◆ EXERCISE REQUIREMENTS ◆
The following data is to be repeated exactly, its pictures excluded.

### MATERIAL FOR THE TASK

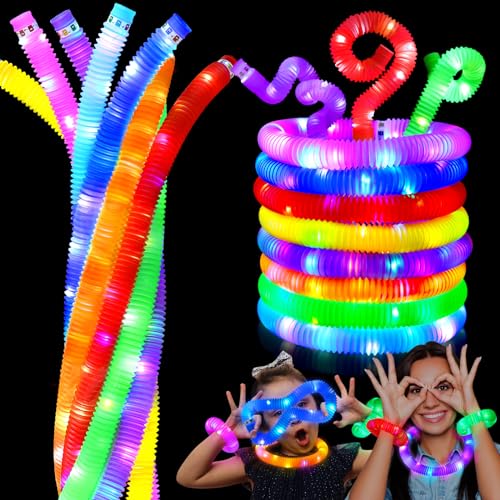 Glow Sticks Halloween Party Favors for Kids - 16 Pcs Light Up Pop Tubes Halloween Toys Glow in the Dark Party Supplies Halloween Gifts for Kids Goodie Bag Fillers, Christmas Stocking Stuffers for Kids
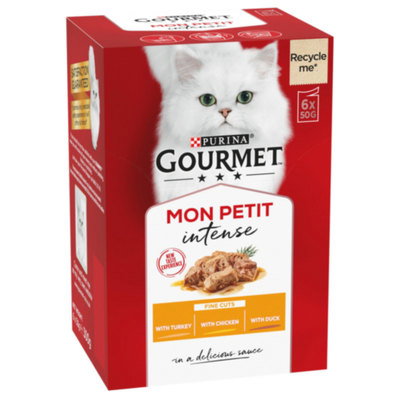 Gourmet Mon Petit Wet Cat Food with Chicken, Turkey & Duck, 6 x 50g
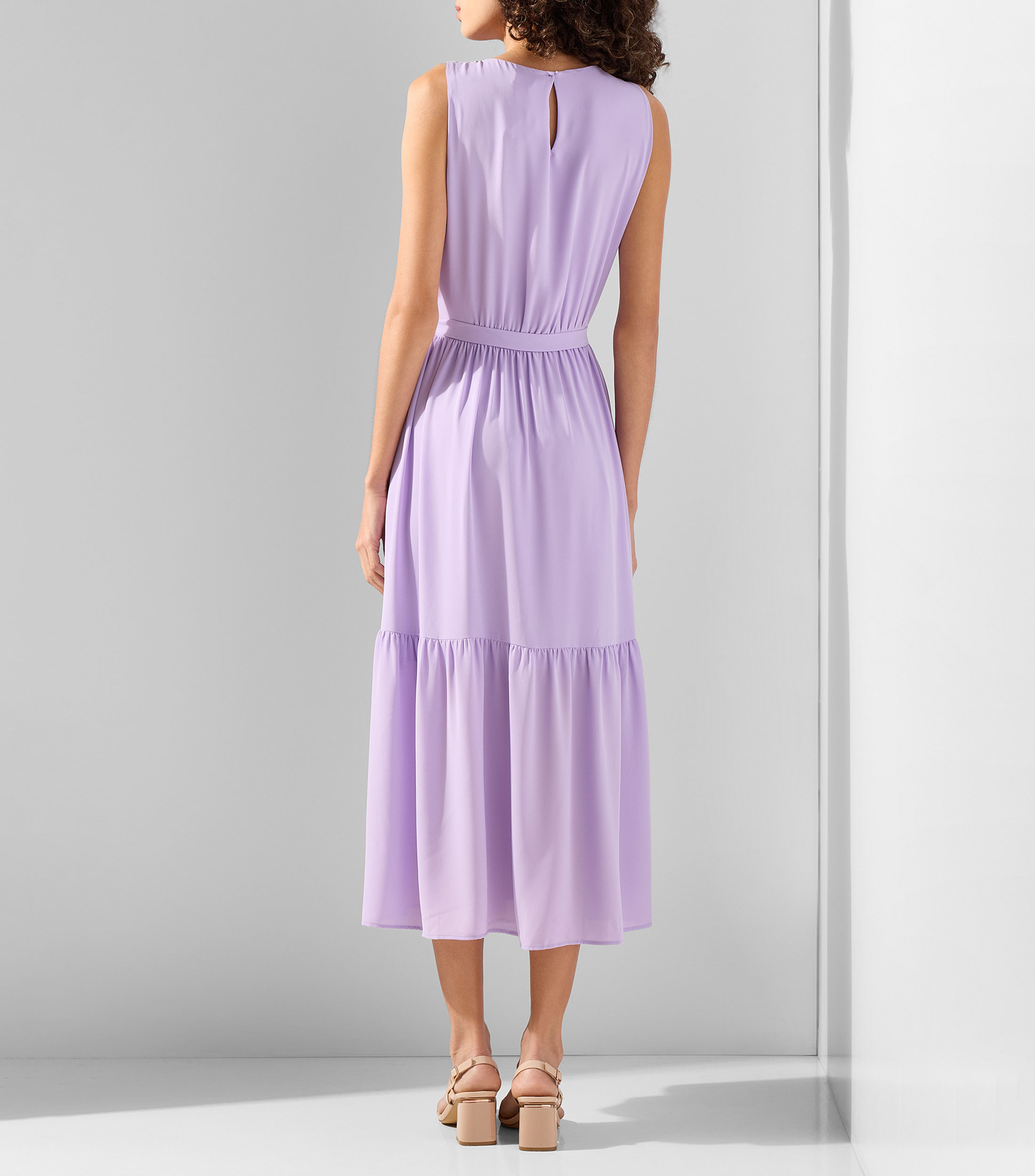 Vestido midi liso Mujer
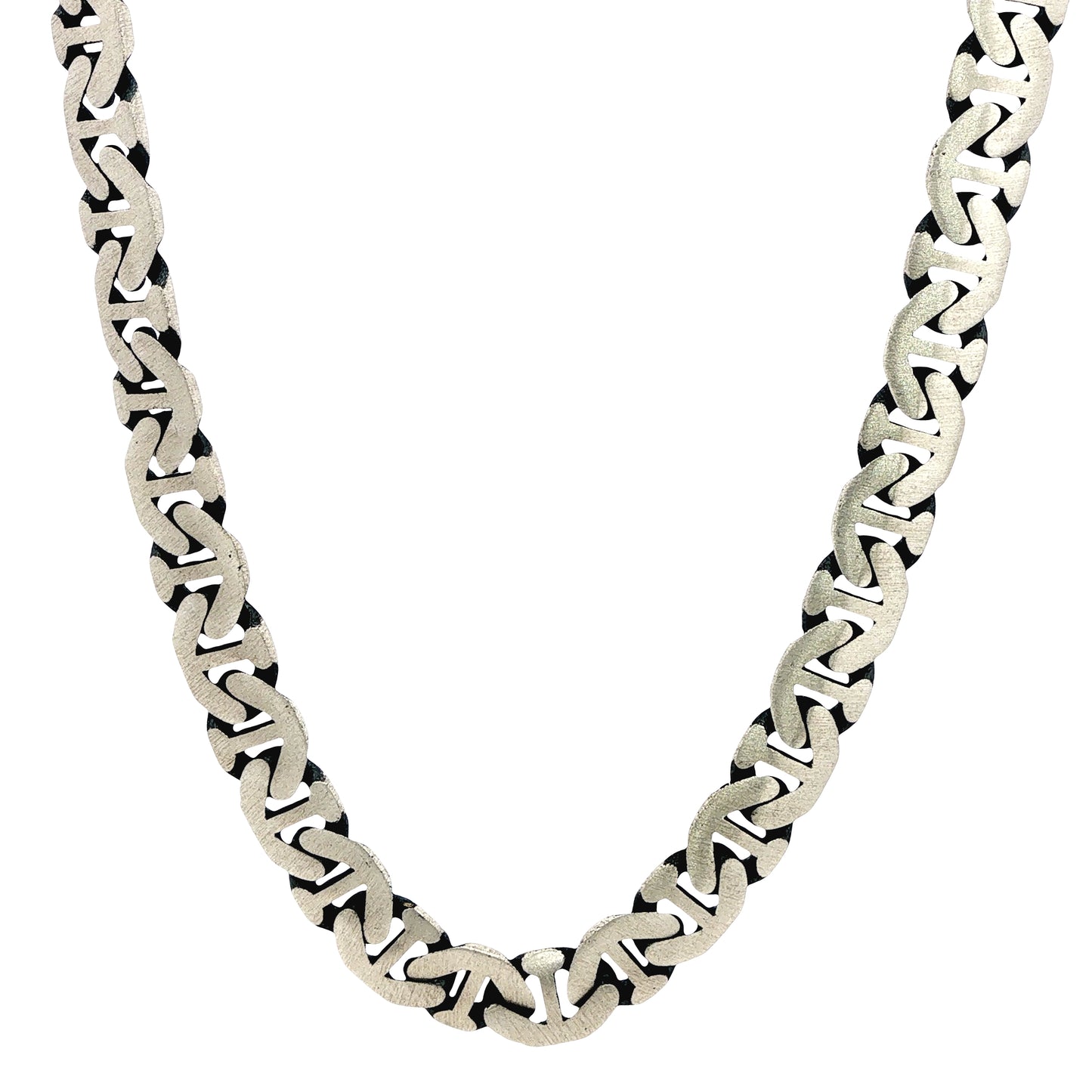 Silver Textured Curb Chain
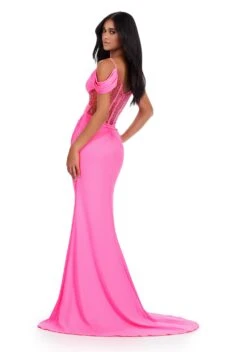 Harriet Gown -Naked Dresses Store ASHLEYlauren 11536 Hot Pink Harriet Evening Gown. Back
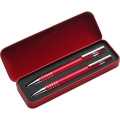 Writing set, ball pen and mechanical pencil, red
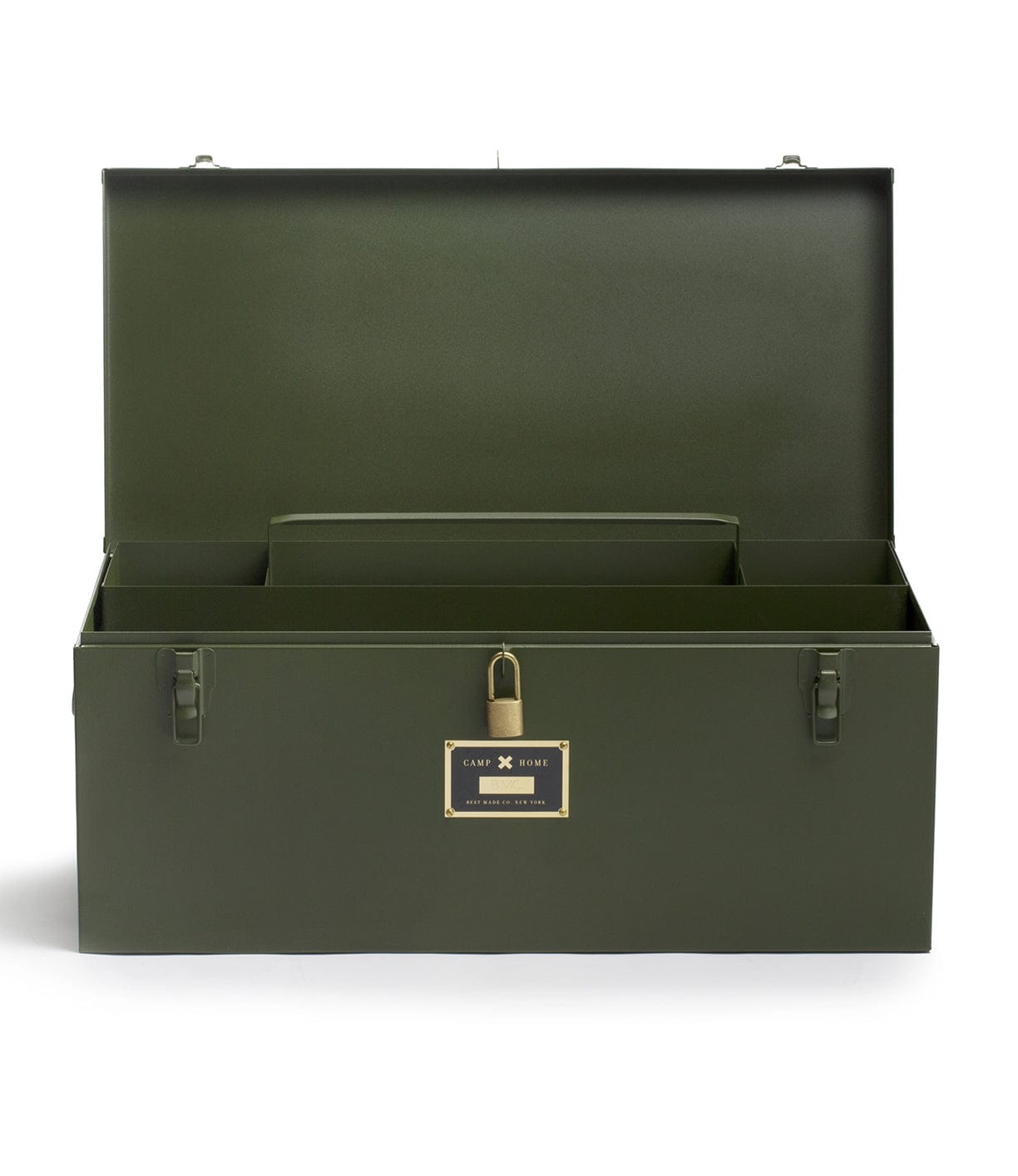 An open olive green metal storage trunk with a hinged lid, interior compartment, latch closures, and a small nameplate on the front.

######

◆ EXERCISE OUTPUT ◆
 Glow Sticks Halloween Party Favors for Kids - 16 Pcs Light Up Pop Tubes Halloween Toys Glow in the Dark Party Supplies Halloween Gifts for Kids Goodie Bag Fillers, Christmas Stocking Stuffers for Kids
 Gourmet Mon Petit Wet Cat Food with Chicken, Turkey & Duck, 6 x 50g
 Vestido midi liso Mujer
 Silver Textured Curb Chain
 Harriet Gown -Naked Dresses Store ASHLEYlauren 11536 Hot Pink Harriet Evening Gown. Back
 Writing set, ball pen and mechanical pencil, red
 An open olive green metal storage trunk with a hinged lid, interior compartment, latch closures, and a small nameplate on the front.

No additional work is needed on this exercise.